Like the demise of The Independent, it also raises some interesting questions about journalism because story ideas and follow-ups will be driven from and gathered back to a central hub. When Fairfax moved a big chunk of its subbing resources to a central hub it reduced costs, but anecdotal evidence from the writers, mostly in the regions, who had their copy sent there said this centralised approach also reduced accuracy.
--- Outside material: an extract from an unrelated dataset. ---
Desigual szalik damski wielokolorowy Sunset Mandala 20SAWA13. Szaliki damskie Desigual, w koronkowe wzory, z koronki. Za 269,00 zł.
With information now expected almost instantly online, media speed is increasingly of the essence. And as The Independent’s Jenni McManus said on NZI Business after the closure of paper was announced, competing in this space often means being first and wrong is considered better than being late and right. As news and current affairs slowly moves away from filling pre-determined timeslots (and, if this new structure is any indication, away from filling space on dedicated shows that have specific producers and editors) and with reporting teams under increased pressure to write, voice and file from the field and provide stories for online, mobile and hourly news bulletins, it will be interesting to see if the quality of journalism seen on these many screens will decrease.

Of course, TVNZ has been talking up its move to multi-screen media for a while now. Some believe the national broadcaster is rearranging the deckchairs. But in this revealing interview that featured in the latest issue of Idealog, TVNZ’s new head of digital Eric Kearley he says the future is exciting and for him it’s all about adapting to change and co-operating with what were once competitors in order to prosper.

Interestingly, while big changes are afoot with TVNZ’s NCA structure, the numbers for its good old FTA TV shows are looking fairly healthy: Breakfast had its biggest increase in average audience since 1999, with ratings 20 percent higher for the first six months of this year compared to the same time last year and it also had its highest ever audience a few hours after the All Whites drew 1-1 with Slovakia.

Between January and June this year Breakfast averaged 174,000 viewers per morning compared to 122,000 viewers during the same time period in 2009 (after three fairly embarrassing journalistic mishaps as a result of the Jono Project’s media tomfoolery, maybe everyone’s watching just to see if they get punked again?). Men made up 60 percent of that growth and while the cessation of Sunrise certainly bolstered its numbers, Sunrise only had around 20,000 viewers per day, so the extra 52,000 viewers in total can’t be attributed entirely to that.

In June, the 6pm news averaged 700,000 viewers per night, Close Up notched up an extra 88,000 viewers per night than in May, Fair Go and Sunday attracted over half a million viewers per episode and, with over 200,000 viewers per night Tonight lured 40,000 more viewers on average than Nightline.

And in comparison, 3 News averaged 419,180 viewers per night and Campbell Live averaged 260,810, so there certainly hasn’t been too much trumpet blowing from the Mediaworks camp of late.